* _Exercise_:
From the line containing "La Argentina exportará" to the line containing "Bottlenose dolphins surfing" in the records below, set down every line exactly as it stands, both ends included, and skip the pictures.

* _Dataset excerpts_:
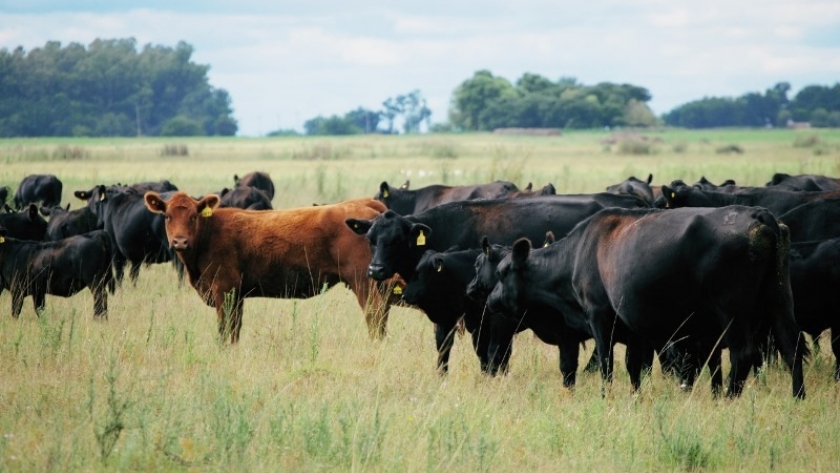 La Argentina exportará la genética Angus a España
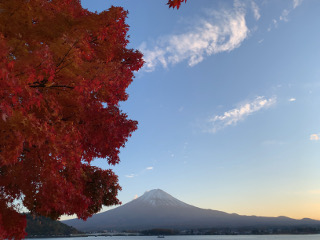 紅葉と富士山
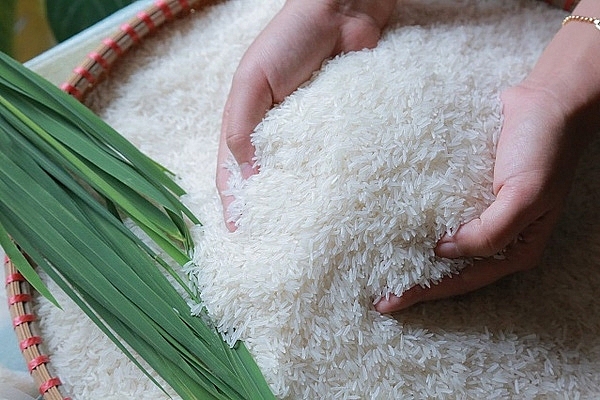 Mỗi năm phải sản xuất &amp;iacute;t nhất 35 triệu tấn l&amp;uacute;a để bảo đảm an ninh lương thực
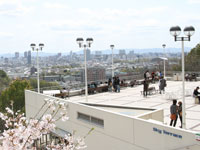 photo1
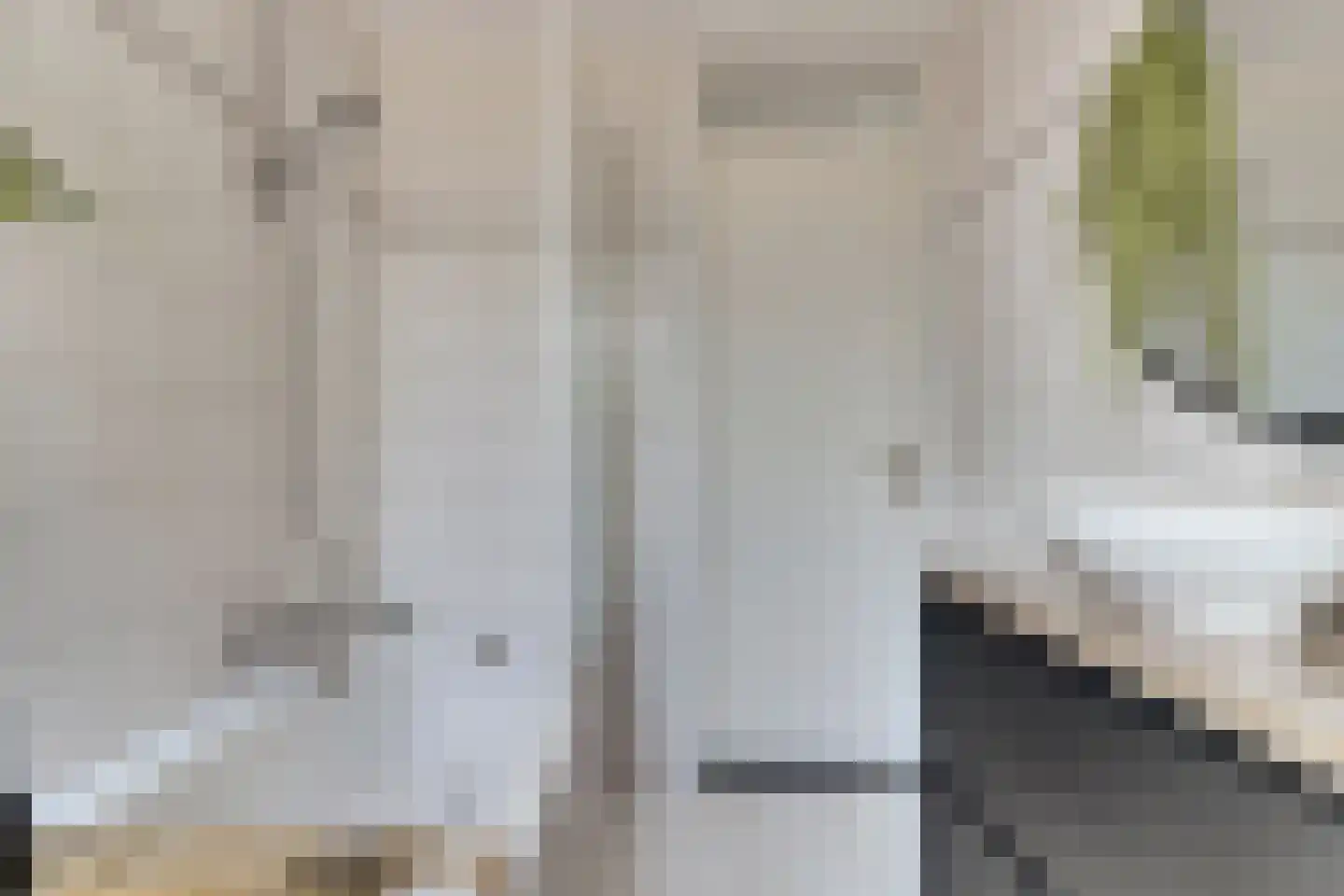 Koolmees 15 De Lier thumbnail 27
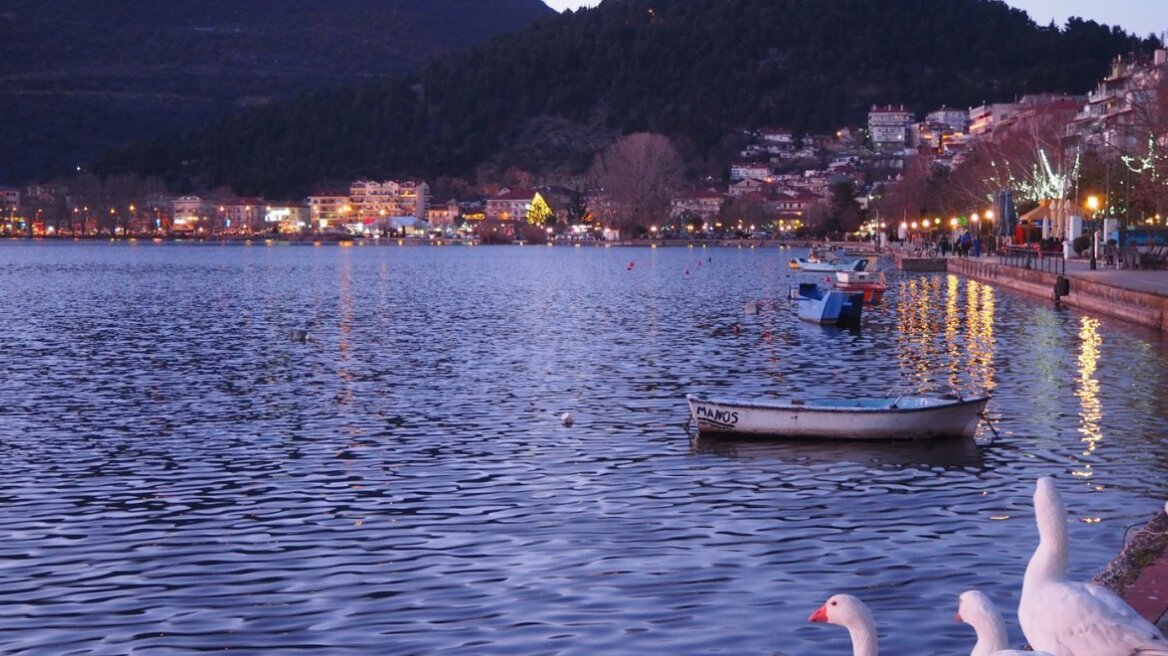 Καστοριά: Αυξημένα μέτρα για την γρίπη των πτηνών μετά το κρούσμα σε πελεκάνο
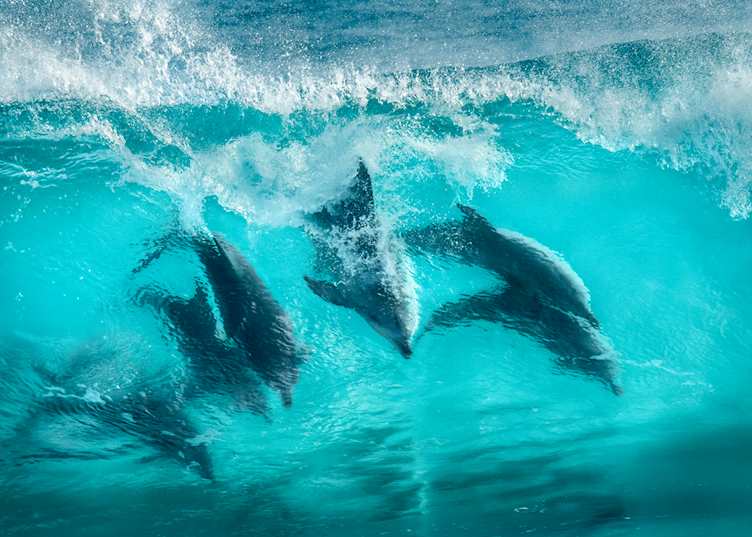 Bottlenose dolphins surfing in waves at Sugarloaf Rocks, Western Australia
==
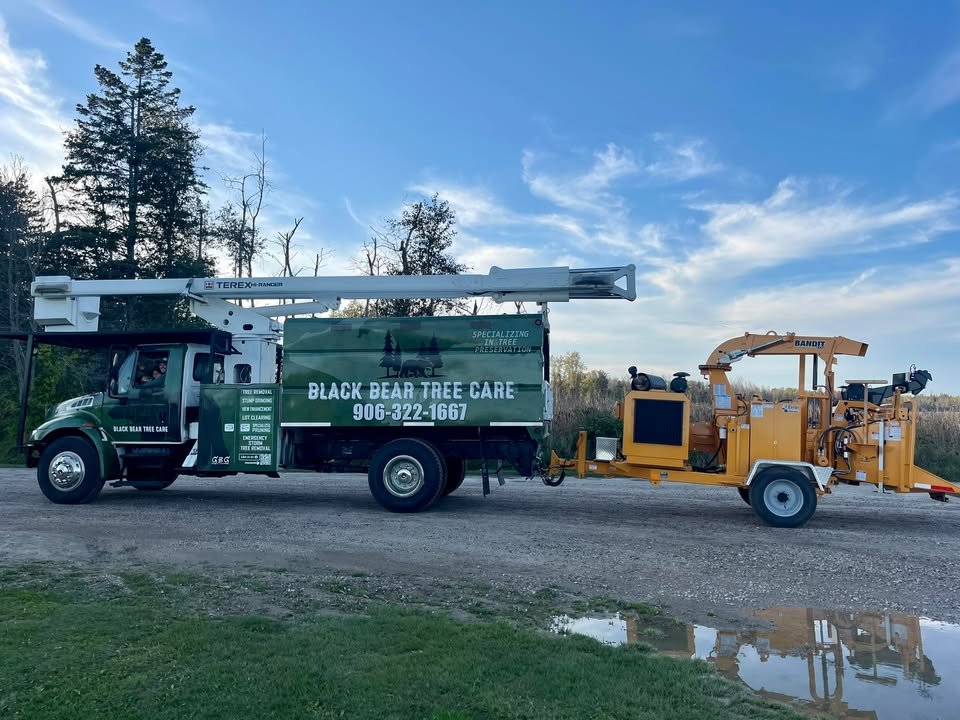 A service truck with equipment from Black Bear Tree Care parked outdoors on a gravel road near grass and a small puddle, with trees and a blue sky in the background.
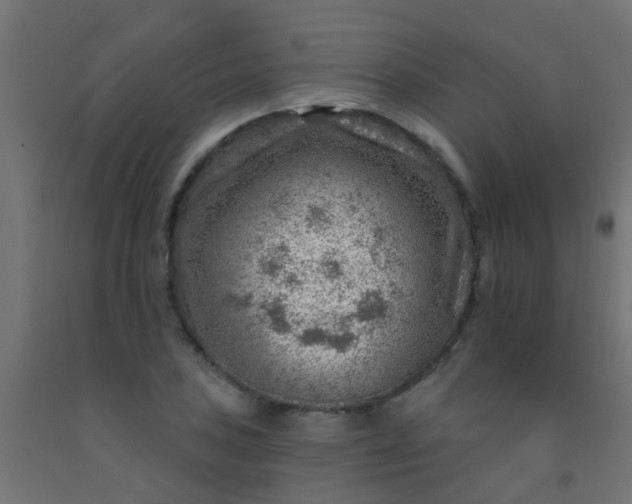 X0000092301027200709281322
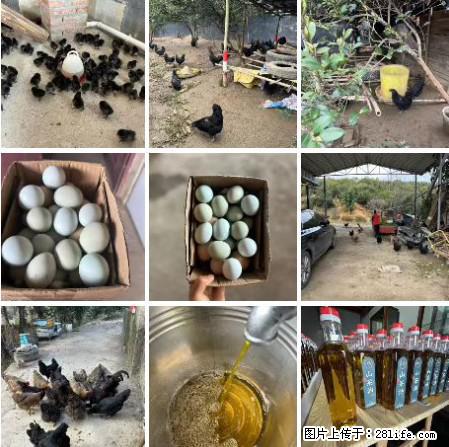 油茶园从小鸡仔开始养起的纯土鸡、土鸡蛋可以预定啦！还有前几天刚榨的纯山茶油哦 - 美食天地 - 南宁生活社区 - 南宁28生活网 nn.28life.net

* _Solution for this problem_:
 La Argentina exportará la genética Angus a España
 紅葉と富士山
 Mỗi năm phải sản xuất &amp;iacute;t nhất 35 triệu tấn l&amp;uacute;a để bảo đảm an ninh lương thực
 photo1
 Koolmees 15 De Lier thumbnail 27
 Καστοριά: Αυξημένα μέτρα για την γρίπη των πτηνών μετά το κρούσμα σε πελεκάνο
 Bottlenose dolphins surfing in waves at Sugarloaf Rocks, Western Australia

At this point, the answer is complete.